WHAT IS REQUIRED
Could you transcribe exactly the lines below, from the line with "Поліцейські Івано-Франківщини затримали" through the line with "イトーキDEシリーズ ミーティングテーブル 商品画像2", and nothing else, leaving out the pictures?

DATA FOR THE TASK
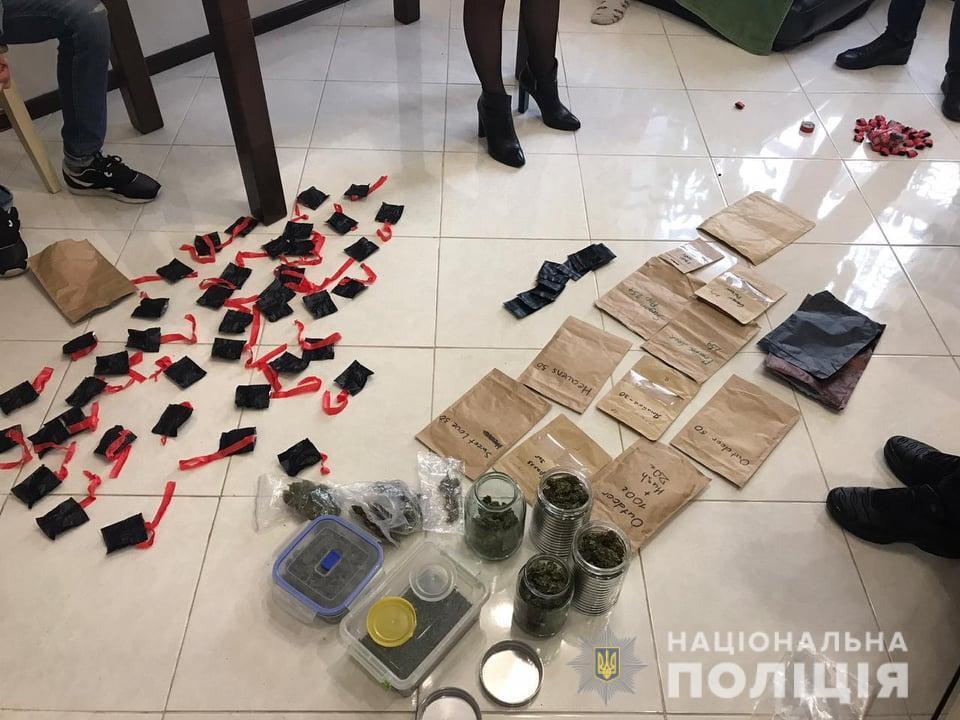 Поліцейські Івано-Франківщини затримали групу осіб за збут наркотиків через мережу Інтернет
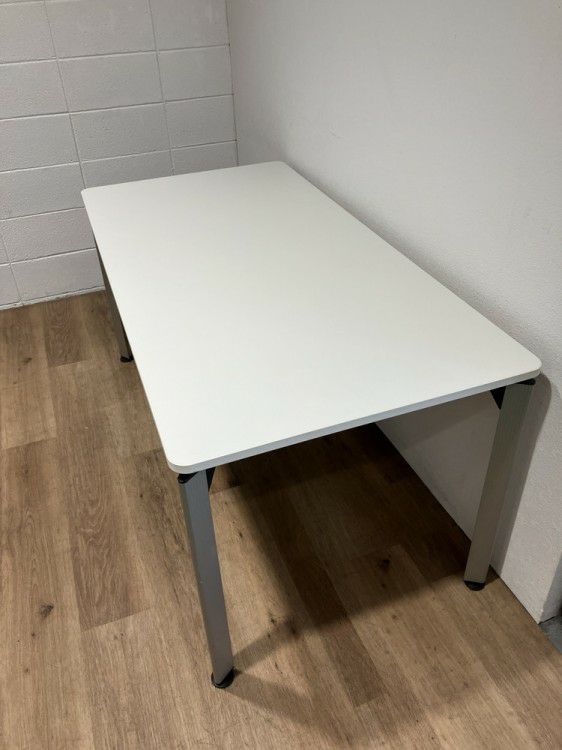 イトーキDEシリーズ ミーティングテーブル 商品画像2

* * *

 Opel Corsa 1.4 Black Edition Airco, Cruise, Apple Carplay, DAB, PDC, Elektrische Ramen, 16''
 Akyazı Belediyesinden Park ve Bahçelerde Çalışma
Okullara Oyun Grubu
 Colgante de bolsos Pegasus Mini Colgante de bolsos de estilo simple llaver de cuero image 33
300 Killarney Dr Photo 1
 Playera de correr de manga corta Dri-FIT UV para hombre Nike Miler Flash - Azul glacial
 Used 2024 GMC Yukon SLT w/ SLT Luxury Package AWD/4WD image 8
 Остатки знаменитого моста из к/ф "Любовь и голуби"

EXERCISE RESULT
 Поліцейські Івано-Франківщини затримали групу осіб за збут наркотиків через мережу Інтернет
 イトーキDEシリーズ ミーティングテーブル 商品画像2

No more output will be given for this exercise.